LifeOnStage.Net trifft: The Glamcore Motherfuckers

 

 

Glitzer, Glam und Core: Wenn man Musik macht, erzählt man automatisch Geschichten

Was kann man von fünf Typen erwarten, die sich White Put Inn, Dirt “Dirty” Black, Johnny Long, Vince “Magic” Dickstick und Dick Hardon nennen und in Spandex, Bandana und Muscle-Shirts auftreten? Glamrock? Hardrock? Hairmetal?

Was wäre, wenn sich diese Vollpfosten dann auf einmal als Vertreter von Metalcore, Post-Hardcore und einem Hauch Nu-Metal präsentieren und dessen harte Seite in Form von fetten Riffs, fiesen Breakdowns und aggressiven Vocals durch schöne Melodien zum Mitsingen und gefühlvollen, träumerischen Passagen verpacken?

Die Motherfuckers haben diese Kombination aus Sleeze und Metalcore liebevoll Glamcore genannt und damit ein neues Genre in der Metalwelt geschaffen. Abgerundet wird diese Kombination live durch eine ordentliche Portion anzüglichen Humors, einer Wand aus Gitarre und Bass, treibenden Drums und Mikrophonmalträtierungen, die einem bis ins Knochenmark fahren.

Wir haben uns mit Johnny Long (Shouts, Gesang) und Dirt Black (Bass) von The Glamcore Motherfuckers, welche alle unter Pseudonymen auftreten, getroffen und mit ihnen über die Entstehung der Band gesprochen. Warum sie finden, dass Kunst immer etwas Melancholisches anhaftet und warum es wichtig ist, man selbst zu bleiben, erklären sie im Interview.
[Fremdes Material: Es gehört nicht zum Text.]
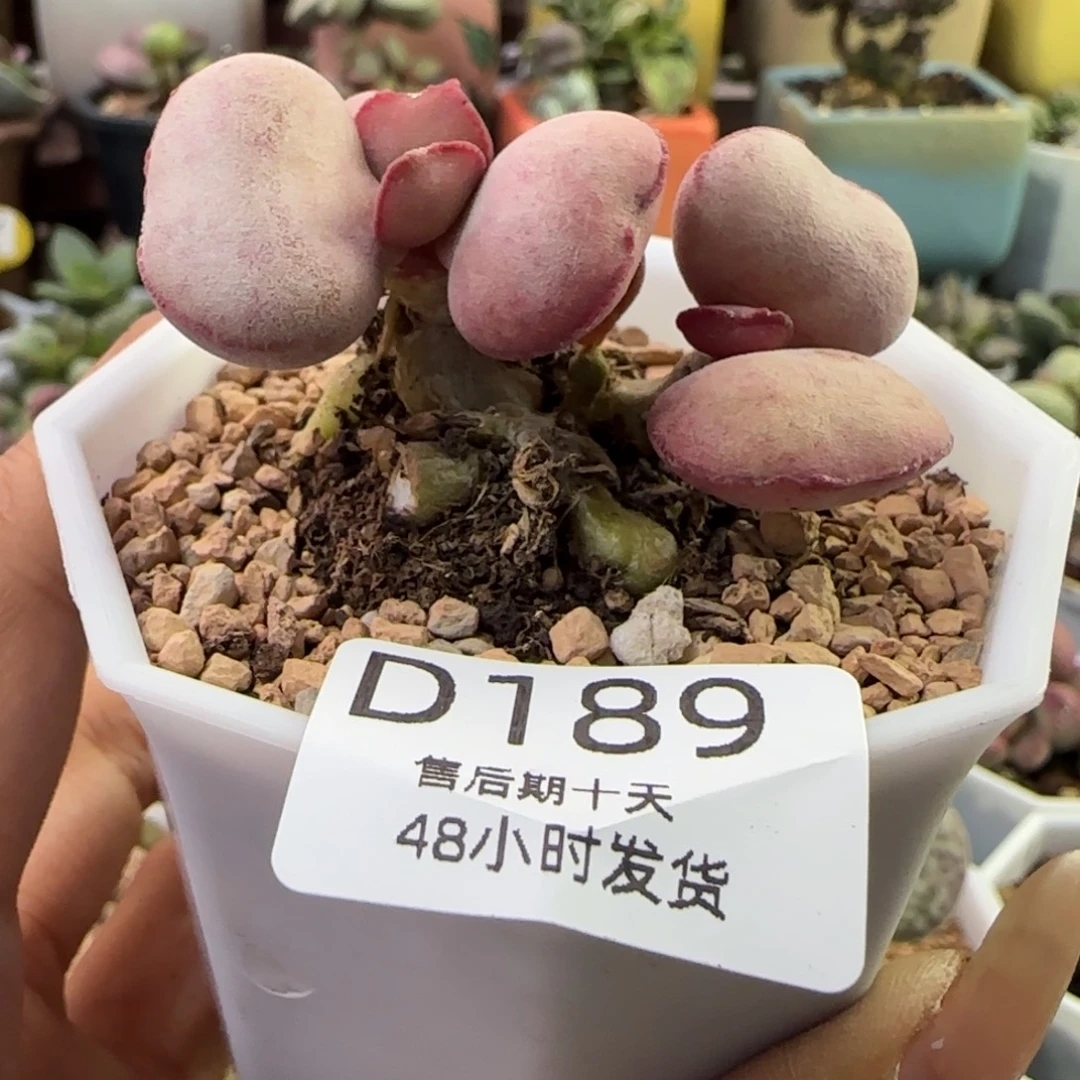 卿***岚福利多肉。    189。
Wie seid ihr zur Musik gekommen?

Johnny Long: Ich habe eigentlich schon immer Musik gemacht. Das ist bei uns in der Familie veranlagt – mein Vater ist Musiker, meine Mutter ist Musikerin. Ich habe sehr früh angefangen, klassisches Piano zu spielen und von da aus bin ich dann weitergekommen und habe Gitarre gespielt. Irgendwann habe ich gemerkt, es wäre cool, Metal zu machen. Ich war allerdings noch nicht gut genug. Dann habe ich angefangen, Amon Amarth, Six Feet Under und Cannibal Corpse mitzujammen und mir die Technik angeeignet.

Dirt Black: Bei mir war es ähnlich wie bei Johnny. Ich bin durch Zufall Bassist geworden, denn eigentlich habe ich Klavier gelernt. Irgendwann habe ich eine Zeitungsannonce gesehen, dass jemand einen Bass verkauft. Den hab ich gekauft und bin drauf hängen geblieben.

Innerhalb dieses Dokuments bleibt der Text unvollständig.